Now, there is some background information here that we need to know. In Jewish culture at that time, a man and a woman would be engaged to one another, and this would be considered to be a binding engagement. They would be referred to as husband and wife, even though they weren’t technically married yet, and even though it would have been considered immoral for them to have sexual relations.

If a woman like Mary was discovered to have had sexual relations during this time of engagement, it would have been considered adultery, and under the Law of Moses, she could have been stoned to death.

That’s the gravity of the situation that Mary would have been in when she was “found to be with child.” And just stop for a moment and imagine the conversation that must have happened between Joseph and Mary when he found out. Remember, these were real people, in many ways not so very different from you and me. They were likely both fairly young (some estimate that Mary would have been between 14-16):

Joseph…I’m pregnant.

What?!? Mary, I can’t believe this! How could you? Who, who is the father?

Well, the Holy Spirit. I’m still a virgin, Joseph! I haven’t been unfaithful to you!

(And I can just picture the look on Joseph’s face)

The Holy Spirit?! Yeah, right.

And then, we get to see the character of Joseph. You know, I think God chose the earthly parents of Jesus carefully. He didn’t pick rich parents or powerful parents, or members of the social elite, but he chose carefully. He selected quality people to raise His Son. Joseph, despite all the disappointment and heartbreak he must have been feeling, decides to show Mary compassion and divorce her quietly so she won’t be put to shame and face the punishment for adultery.

And then an angel appears to him in a dream and says, “No really, this is a special birth, a special child who has been conceived by the Holy Spirit.” And from that point on, Joseph’s on board.

But even then, in a small town like Nazareth, I’m sure that the gossip and the rumors of scandal would have persisted.

Scandal in our Lives

Well, just like we try to smooth over the scandal in the birth of Jesus, a lot of times we try to do that in our lives as well.

Sometimes we do this by putting on a brave face and trying to pretend like we have it all together, like we don’t have any sin or problems in our lives that we need help with.
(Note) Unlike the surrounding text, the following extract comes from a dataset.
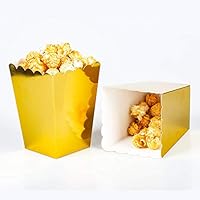 Voetbal popcorn bakjes - popcorn doosjes - traktatie doosjes 1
But really, all of us are a mess. We all have issues and problems in our lives. The key to dealing with the scandal, with the mess in our lives, is not to smooth it over and pretend it’s not there, but rather to address it, repent of it, and leave it behind.

But sometimes we also try to remove scandal from our lives by having nothing to do with people we consider to be sinful or scandalous. And let’s be clear, it’s true that bad company corrupts good moral and that we shouldn’t tolerate sin in the church, but Paul is clear in 1 Corinthians 5.9-10 that in order to be out in the world and point people to Christ, we’re going to come in contact with some scandalous things (because that’s how the world is).

Don’t misunderstand me—none of what I am saying here is meant to downplay the importance of holiness in our lives, or to downplay the seriousness of sin. But our world is a sin-ridden, scandalous place, and sometimes that sin and scandal can even creep into the church.

And if we’re going to mature as Christians, if we’re going to help our world, if we’re going to save souls, we can’t be afraid of the scandal.